The scenes drag worse than a 400-pound cross-dresser. Many times,
I sat there wondering what the point of an on-screen exchange
was. The scene wasn't funny, it wasn't important to the plot,
it was just two people eating or making cookies. Perhaps Brooks
knows better than us what the senior citizens want, and it's
more big-screen cooking. The jokes are mostly lame or lifeless.
A lot of times I honestly couldn't tell whether a joke had been
told or not. Sometimes that makes me feel stupid, but mostly
I just felt smart for not being desperate enough to laugh at
anything.
The plot is sloppy and weak. Brooks expects us to believe a lot
of shit just because it makes the story work.
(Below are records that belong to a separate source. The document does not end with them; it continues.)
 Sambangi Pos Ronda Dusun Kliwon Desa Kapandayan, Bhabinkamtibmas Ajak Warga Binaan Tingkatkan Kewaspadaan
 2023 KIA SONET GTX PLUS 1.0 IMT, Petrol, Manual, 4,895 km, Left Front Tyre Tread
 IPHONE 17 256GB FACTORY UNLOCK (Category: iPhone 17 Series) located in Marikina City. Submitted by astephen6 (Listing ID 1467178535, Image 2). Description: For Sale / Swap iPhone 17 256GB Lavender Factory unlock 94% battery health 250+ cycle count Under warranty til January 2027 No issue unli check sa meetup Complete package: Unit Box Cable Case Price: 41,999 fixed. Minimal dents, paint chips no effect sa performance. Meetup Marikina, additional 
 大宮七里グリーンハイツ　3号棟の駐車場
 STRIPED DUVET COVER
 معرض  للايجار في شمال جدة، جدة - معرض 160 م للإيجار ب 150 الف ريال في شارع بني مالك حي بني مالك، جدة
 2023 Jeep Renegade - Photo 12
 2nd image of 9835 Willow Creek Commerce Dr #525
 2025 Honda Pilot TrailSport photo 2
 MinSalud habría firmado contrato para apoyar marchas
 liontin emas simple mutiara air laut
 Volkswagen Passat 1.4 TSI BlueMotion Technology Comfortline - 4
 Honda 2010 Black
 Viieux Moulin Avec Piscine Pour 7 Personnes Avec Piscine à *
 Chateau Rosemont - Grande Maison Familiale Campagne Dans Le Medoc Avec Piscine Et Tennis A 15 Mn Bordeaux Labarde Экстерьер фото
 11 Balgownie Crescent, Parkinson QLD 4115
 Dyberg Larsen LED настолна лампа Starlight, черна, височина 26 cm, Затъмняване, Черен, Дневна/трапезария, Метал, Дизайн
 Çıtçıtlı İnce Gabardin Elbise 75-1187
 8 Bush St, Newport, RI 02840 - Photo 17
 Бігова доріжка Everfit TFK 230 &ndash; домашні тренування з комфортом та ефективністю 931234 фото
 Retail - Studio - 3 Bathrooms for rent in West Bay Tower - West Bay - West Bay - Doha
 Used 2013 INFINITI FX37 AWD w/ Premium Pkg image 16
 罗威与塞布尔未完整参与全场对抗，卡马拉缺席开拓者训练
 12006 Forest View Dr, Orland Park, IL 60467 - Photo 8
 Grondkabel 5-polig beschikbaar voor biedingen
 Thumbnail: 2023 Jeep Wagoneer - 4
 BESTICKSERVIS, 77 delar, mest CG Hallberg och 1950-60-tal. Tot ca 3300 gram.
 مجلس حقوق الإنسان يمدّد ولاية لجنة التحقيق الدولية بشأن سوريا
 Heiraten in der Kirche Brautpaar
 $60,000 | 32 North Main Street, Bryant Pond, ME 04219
We are told by
some doctors from an asylum that Stone's character is a nut who
briefly escapes once every five years. Yet, she seems to know
everyone in Hollywood and is responsible for many movies made
in the past couple years, like she's been there for ages. Under Stone's tutelage, McDowell goes from homemaker
to super-famous cookie baker in about one week's time. And the
ending is the type of corny shit you'd expect to find in a clogged
toilet at the Iowa state fair. I won't give it away other than
to say it is super-lame when Stone disappears only to reappear
as a studio exec who buys Brooks' stupid fish movie.
I'm not mad at Albert Brooks, just confused because I thought
he was better than this. I'm giving "The Muse" two
fingers, and I'll tell Brooks that if he wants us to care
about the career of upper-class whiners, he'd better make their
predicaments funnier or having to do with naked chicks.
And something else, not related to "The Muse." I heard
from a friend that Fran Drescher likes it up the ass.